- _Task brief_: Without including any picture, return the complete set of records exactly.

- _Short descriptive text snippets_:
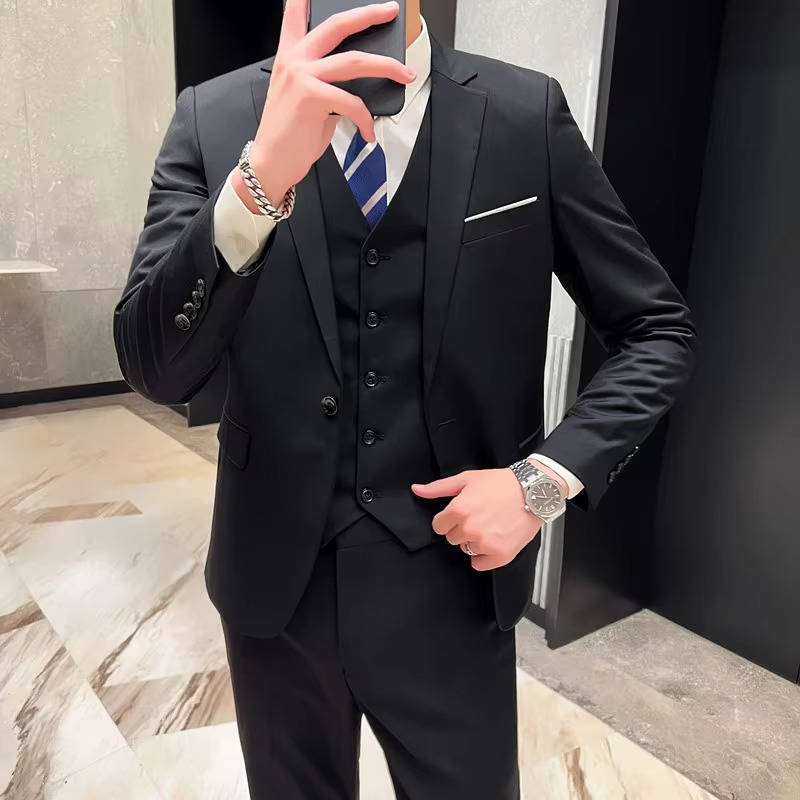 Men's Slim Fit Three-Piece Suit For Business And Formal Events Perfect For Professional Occasions
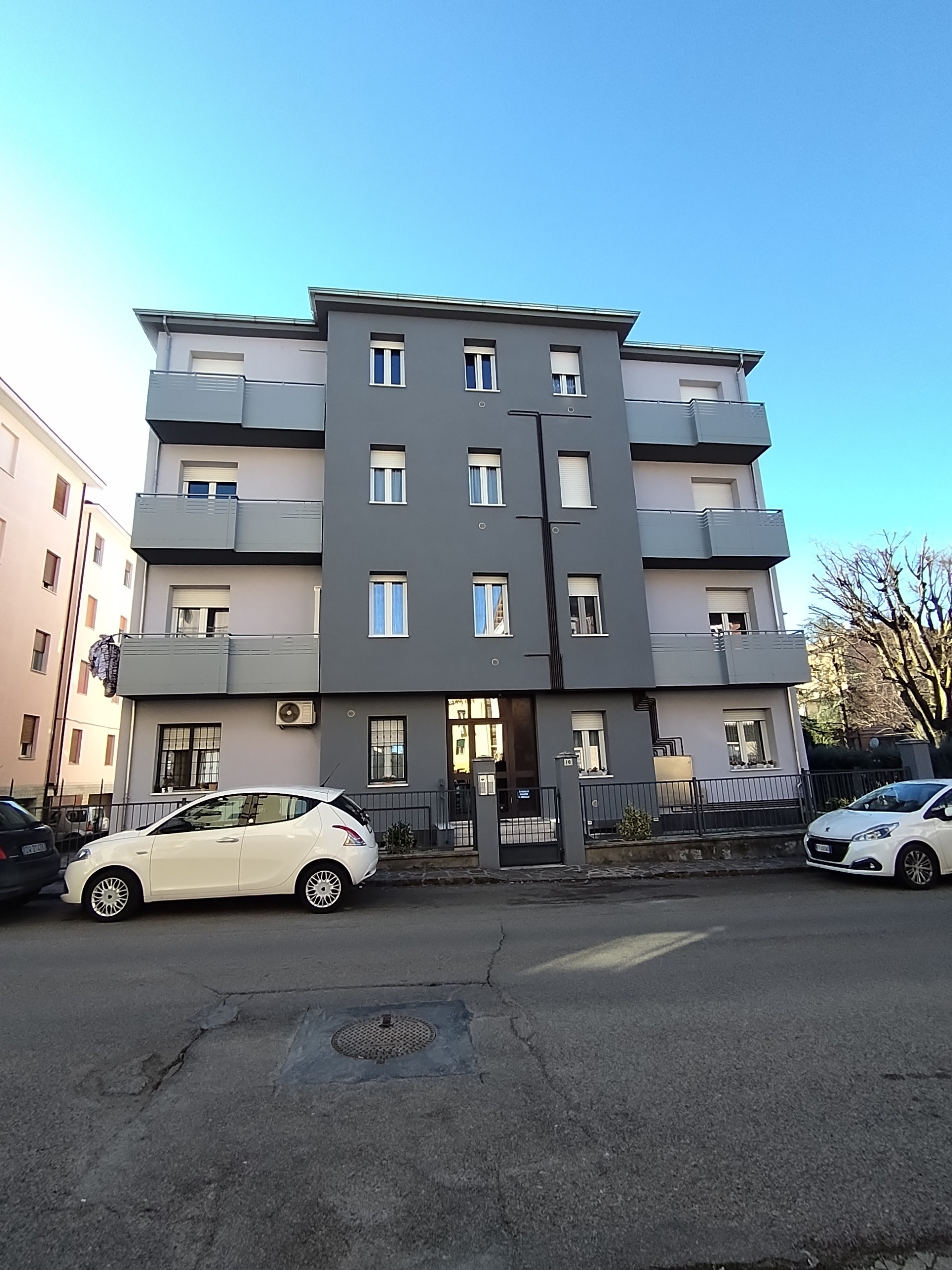 Appartamento ristrutturato in viale fratelli cairoli 10, Sassuolo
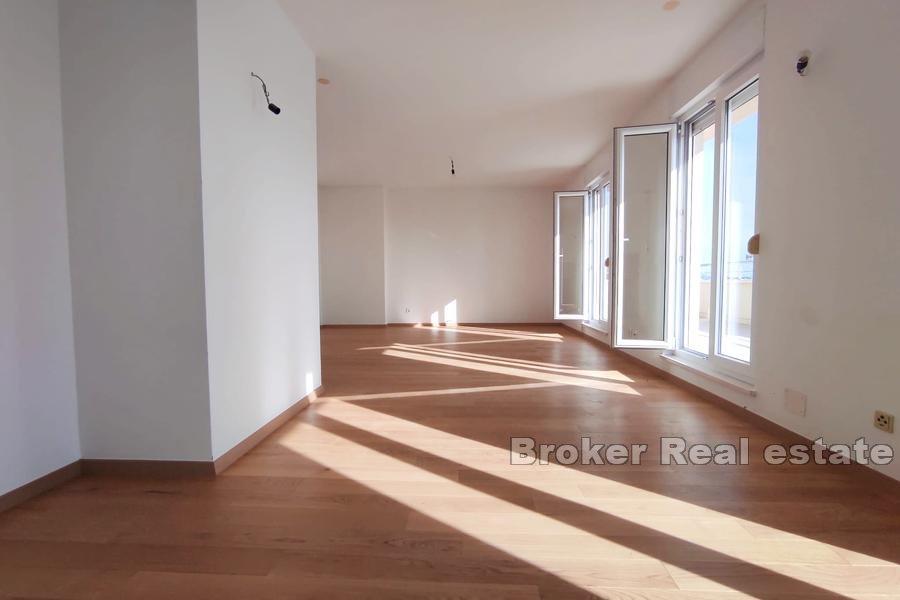 Dwupiętrowy penthouse nowo wybudowany, sprzedaż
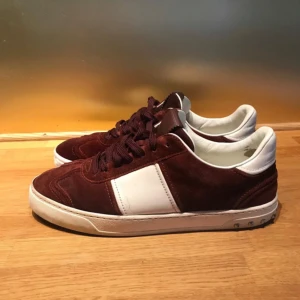 Valentino Flycrews - Storlek 42,5 - Säljer dessa äkta, snygga designer sneakers/skor ifrån märket Valentino Garavani.Bra skick bortsett från att ena sulan är lagad med kludd och tejp. Tycker man inte om lösningen kan man fixa det hos skomakare. Såklart äkta. 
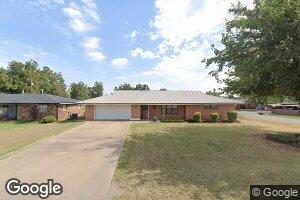 604 N 6th St, Mountain View, OK 73062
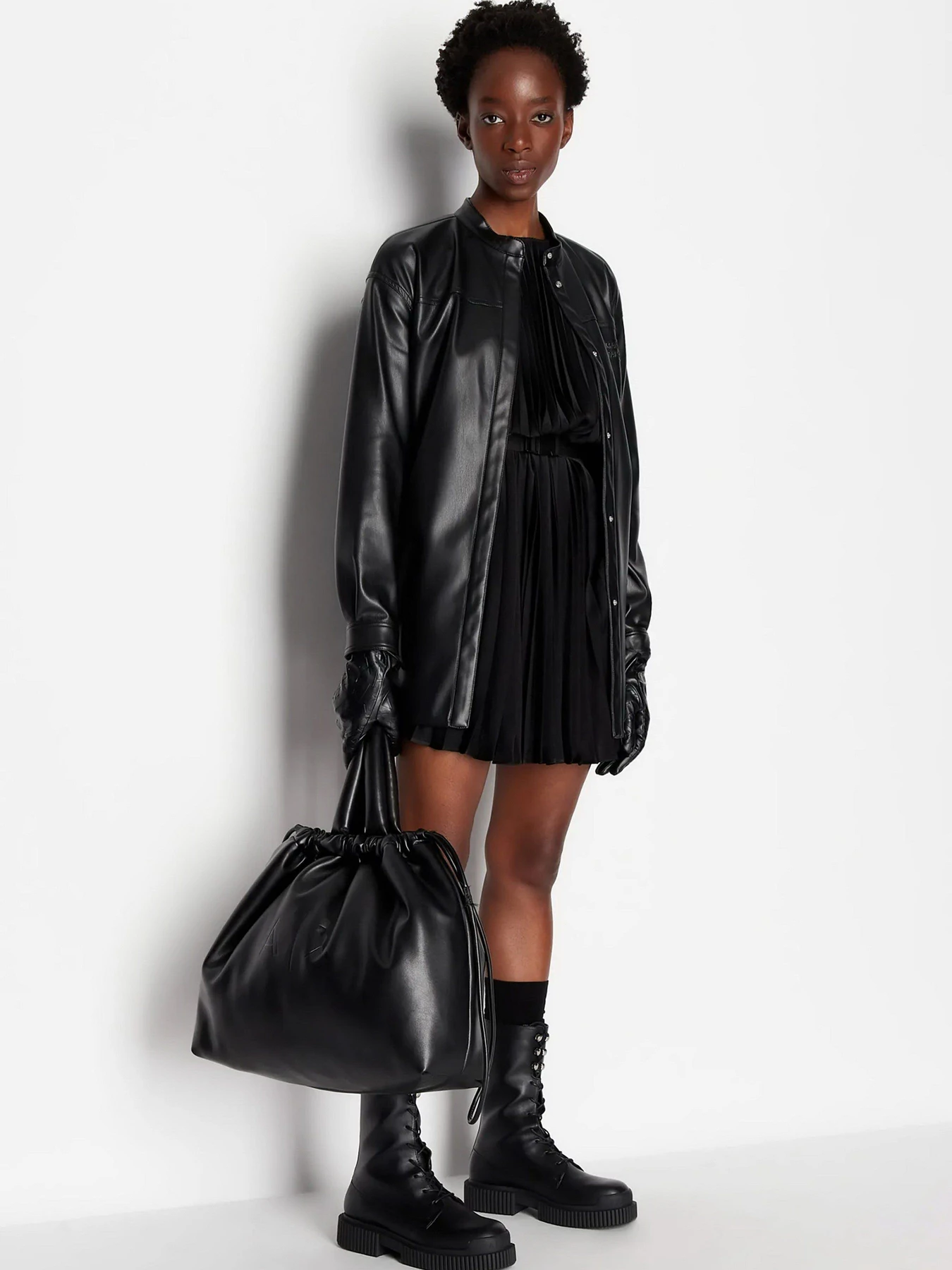 Куртки та дублянки Armani Exchange модель 6RYB52-YN8PZ-1200 Куртки та дублянки Armani Exchange модель 6RYB52-YN8PZ-1200 Фото
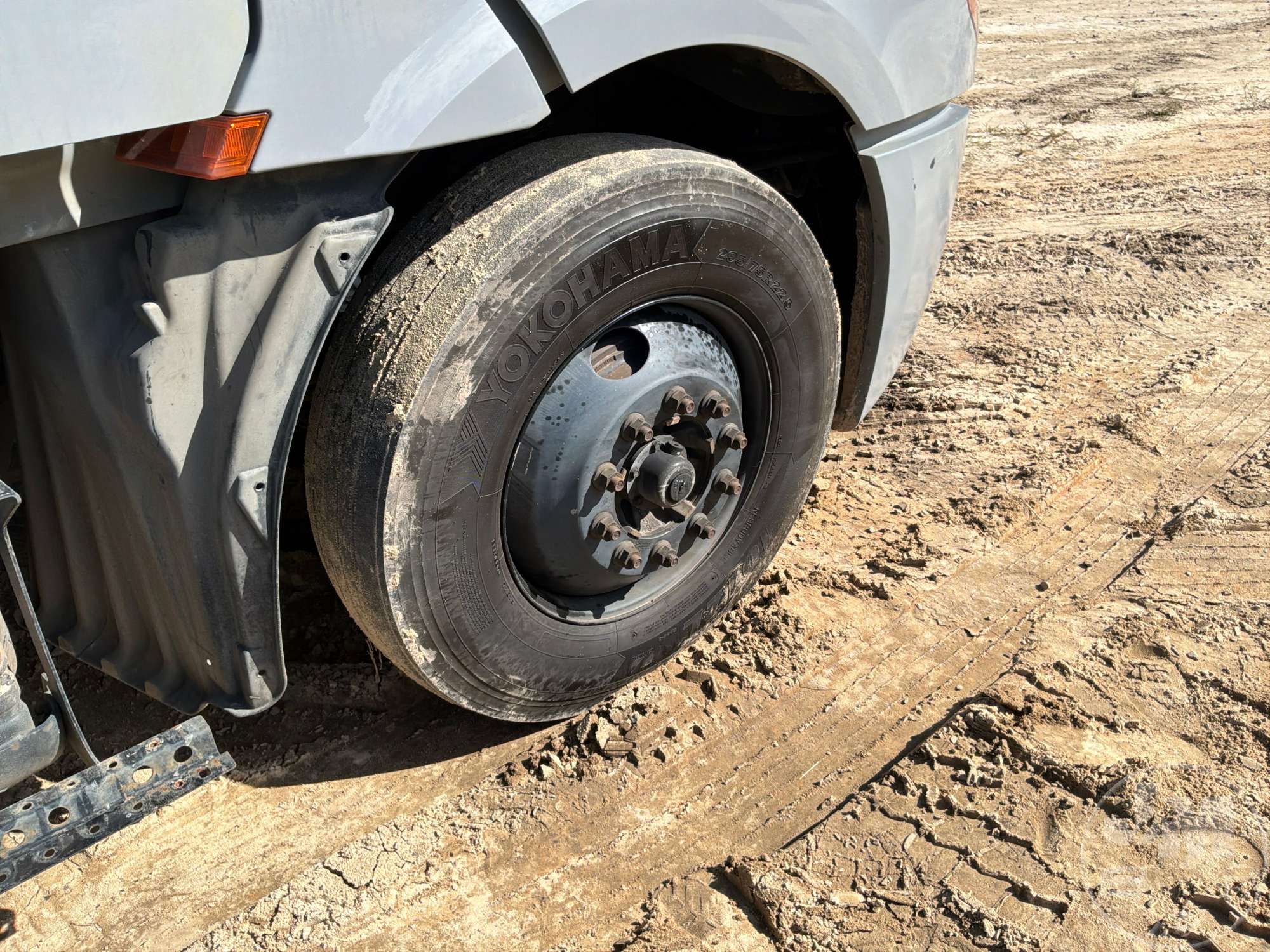 2021 Freightliner CASCADIA EVOLUTION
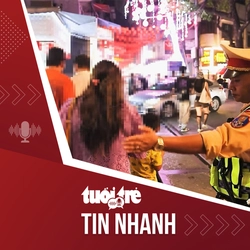 Tin tức tối 15-6: Cảnh sát mời nhiều du khách rời khỏi cà phê đường tàu Hà Nội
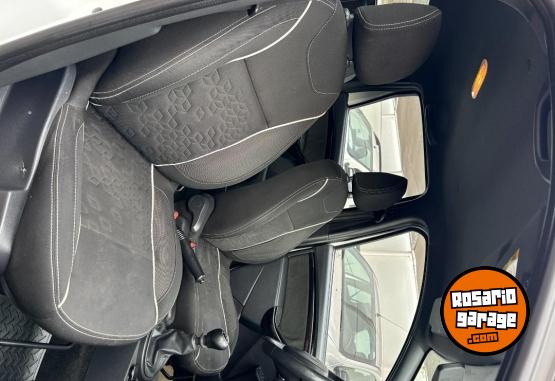 Camionetas - Renault Renault Oroch 2020 Nafta 100000Km - En Venta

- _Finished exercise_:
 Men's Slim Fit Three-Piece Suit For Business And Formal Events Perfect For Professional Occasions
 Appartamento ristrutturato in viale fratelli cairoli 10, Sassuolo
 Dwupiętrowy penthouse nowo wybudowany, sprzedaż
 Valentino Flycrews - Storlek 42,5 - Säljer dessa äkta, snygga designer sneakers/skor ifrån märket Valentino Garavani.Bra skick bortsett från att ena sulan är lagad med kludd och tejp. Tycker man inte om lösningen kan man fixa det hos skomakare. Såklart äkta. 
 604 N 6th St, Mountain View, OK 73062
 Куртки та дублянки Armani Exchange модель 6RYB52-YN8PZ-1200 Куртки та дублянки Armani Exchange модель 6RYB52-YN8PZ-1200 Фото
 2021 Freightliner CASCADIA EVOLUTION
 Tin tức tối 15-6: Cảnh sát mời nhiều du khách rời khỏi cà phê đường tàu Hà Nội
 Camionetas - Renault Renault Oroch 2020 Nafta 100000Km - En Venta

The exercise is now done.